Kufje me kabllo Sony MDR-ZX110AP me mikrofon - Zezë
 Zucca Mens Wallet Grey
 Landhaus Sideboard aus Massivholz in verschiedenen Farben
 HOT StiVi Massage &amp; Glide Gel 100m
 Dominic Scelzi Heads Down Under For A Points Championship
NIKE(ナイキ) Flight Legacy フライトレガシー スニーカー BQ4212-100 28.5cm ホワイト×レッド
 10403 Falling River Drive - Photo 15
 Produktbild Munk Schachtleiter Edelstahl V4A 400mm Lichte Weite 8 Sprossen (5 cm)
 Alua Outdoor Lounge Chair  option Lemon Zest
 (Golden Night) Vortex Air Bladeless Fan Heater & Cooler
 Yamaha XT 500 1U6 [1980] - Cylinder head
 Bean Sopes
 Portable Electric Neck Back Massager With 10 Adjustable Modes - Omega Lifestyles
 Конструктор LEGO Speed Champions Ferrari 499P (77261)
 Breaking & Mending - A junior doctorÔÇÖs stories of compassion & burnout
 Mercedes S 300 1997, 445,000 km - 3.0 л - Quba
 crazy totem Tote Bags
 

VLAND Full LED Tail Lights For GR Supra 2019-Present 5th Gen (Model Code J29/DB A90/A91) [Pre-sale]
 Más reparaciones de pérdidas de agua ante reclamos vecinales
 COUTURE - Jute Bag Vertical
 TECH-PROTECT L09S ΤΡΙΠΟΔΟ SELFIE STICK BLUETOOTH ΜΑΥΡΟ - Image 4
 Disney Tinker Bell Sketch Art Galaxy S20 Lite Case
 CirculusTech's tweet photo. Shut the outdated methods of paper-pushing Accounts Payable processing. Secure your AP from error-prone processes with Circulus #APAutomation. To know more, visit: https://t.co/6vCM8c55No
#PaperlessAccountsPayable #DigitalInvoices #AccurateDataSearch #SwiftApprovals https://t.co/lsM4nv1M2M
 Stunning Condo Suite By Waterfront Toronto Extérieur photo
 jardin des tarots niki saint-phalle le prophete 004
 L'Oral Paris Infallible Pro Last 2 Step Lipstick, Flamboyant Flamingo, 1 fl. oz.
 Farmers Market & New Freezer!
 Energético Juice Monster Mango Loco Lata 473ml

_TASK ITEM_
Go through the listing above and find each line that contains "https", then copy it.

_EXERCISE RESULT_
 CirculusTech's tweet photo. Shut the outdated methods of paper-pushing Accounts Payable processing. Secure your AP from error-prone processes with Circulus #APAutomation. To know more, visit: https://t.co/6vCM8c55No
#PaperlessAccountsPayable #DigitalInvoices #AccurateDataSearch #SwiftApprovals https://t.co/lsM4nv1M2M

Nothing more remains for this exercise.